§ **ACTIVITY**
Repeat the span of the entries below that starts at the line with "Satılır 3 otaqlı 100 m2 həyət evi Bakıxanov" and ends at the line with "327 Round Pond DR", nothing more. Skip the pictures.

§ **GIVEN ENTRIES**
:::

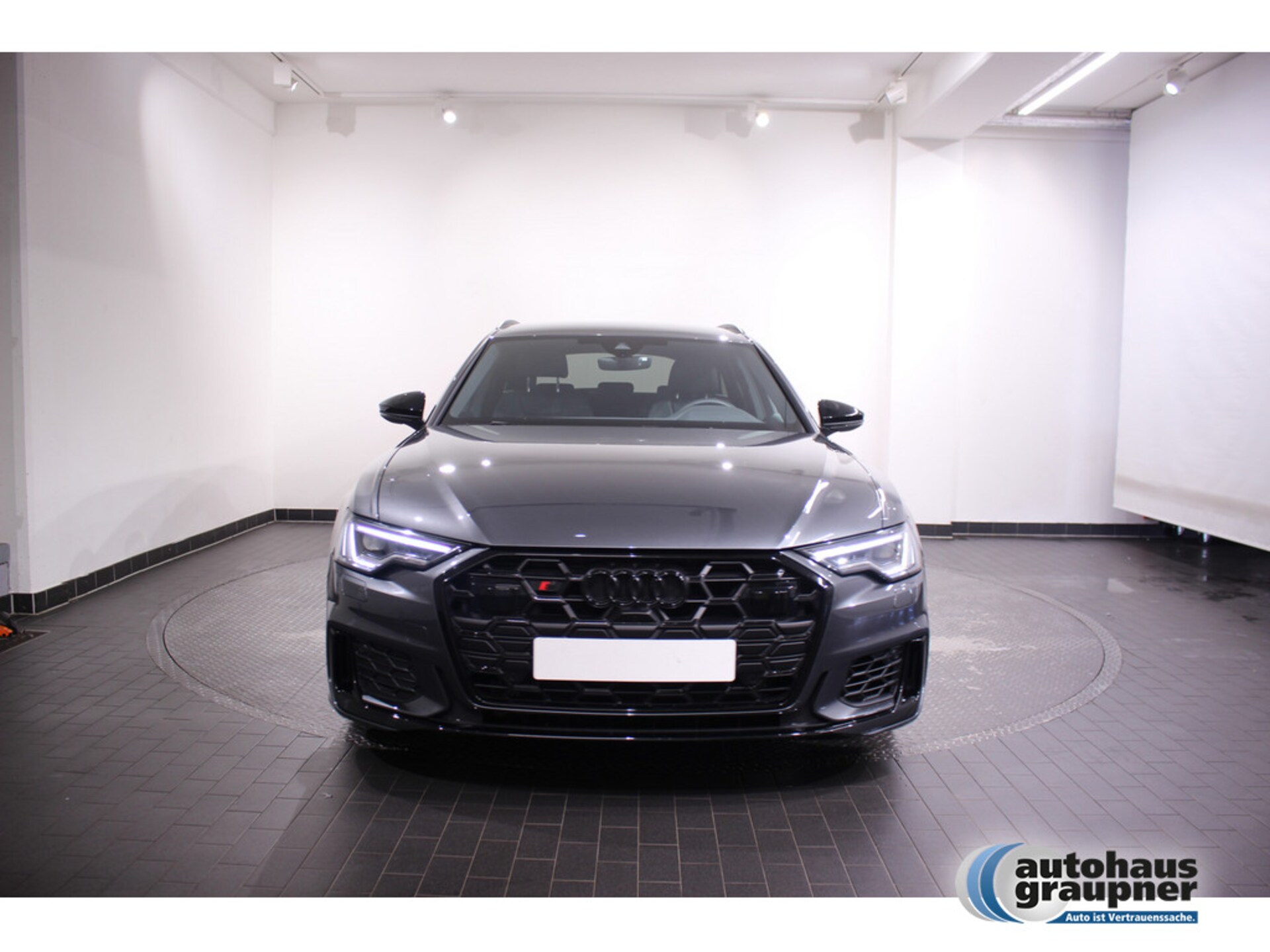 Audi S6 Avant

:::

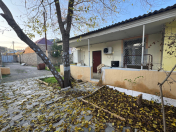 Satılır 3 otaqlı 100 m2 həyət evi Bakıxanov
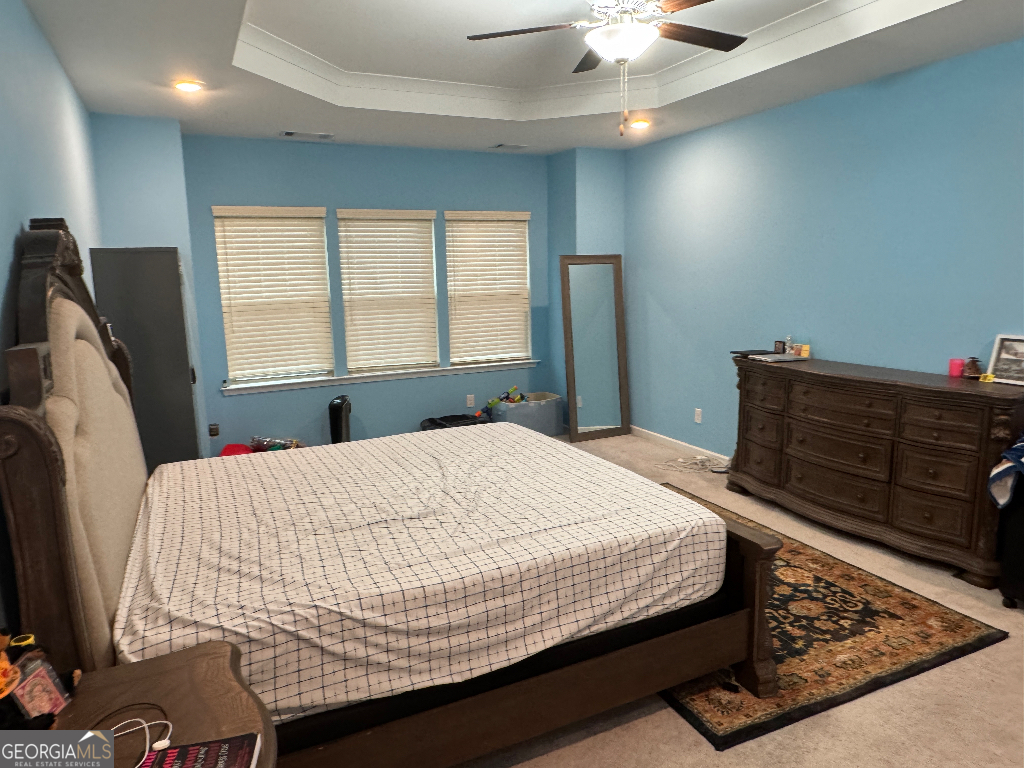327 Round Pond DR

:::

§ **RESULT OF THE EXERCISE**
 Satılır 3 otaqlı 100 m2 həyət evi Bakıxanov
327 Round Pond DR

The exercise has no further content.